# MATERIAL FOR THE TASK
____

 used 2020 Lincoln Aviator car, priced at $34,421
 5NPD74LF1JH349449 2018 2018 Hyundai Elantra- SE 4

____

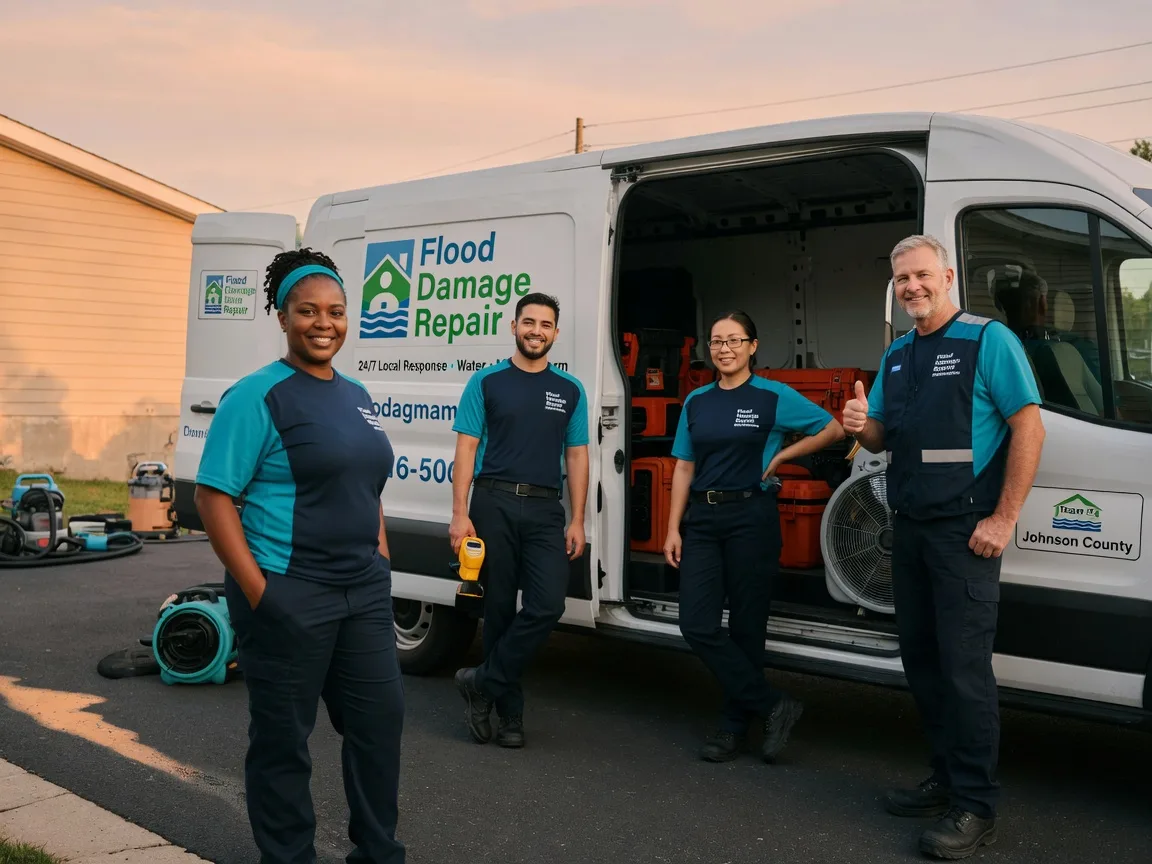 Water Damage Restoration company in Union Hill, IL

____

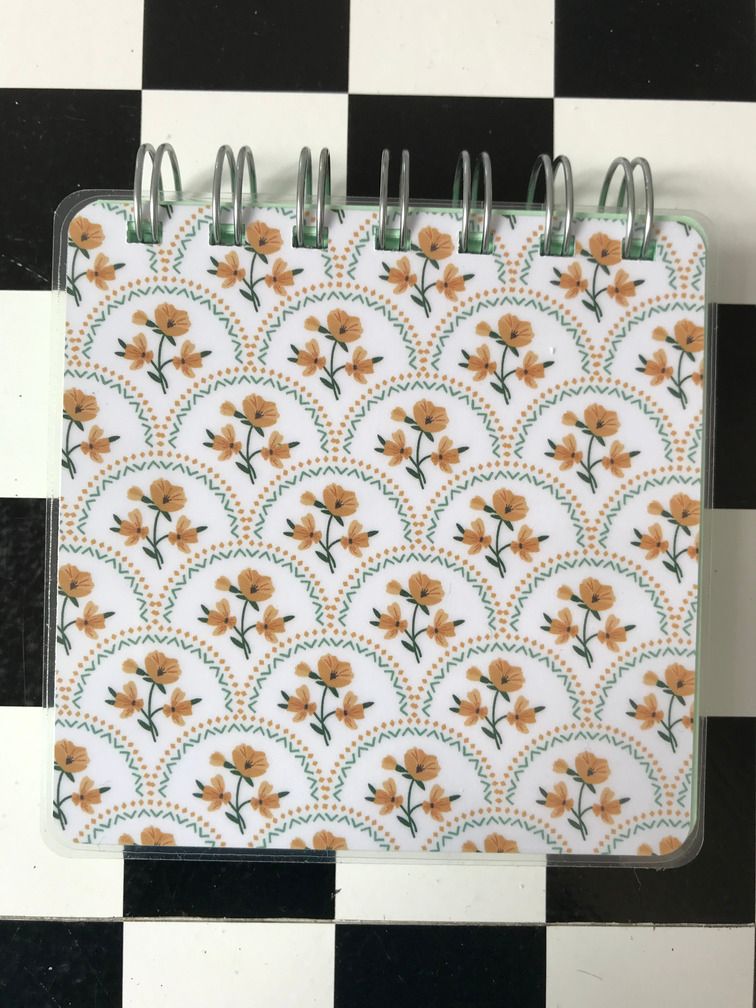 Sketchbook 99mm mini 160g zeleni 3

____

Print exactly the lines of the listing above starting at the line containing "used 2020 Lincoln" and ending at the line containing "5NPD74LF1JH349449 2018 2018", both included.

 used 2020 Lincoln Aviator car, priced at $34,421
 5NPD74LF1JH349449 2018 2018 Hyundai Elantra- SE 4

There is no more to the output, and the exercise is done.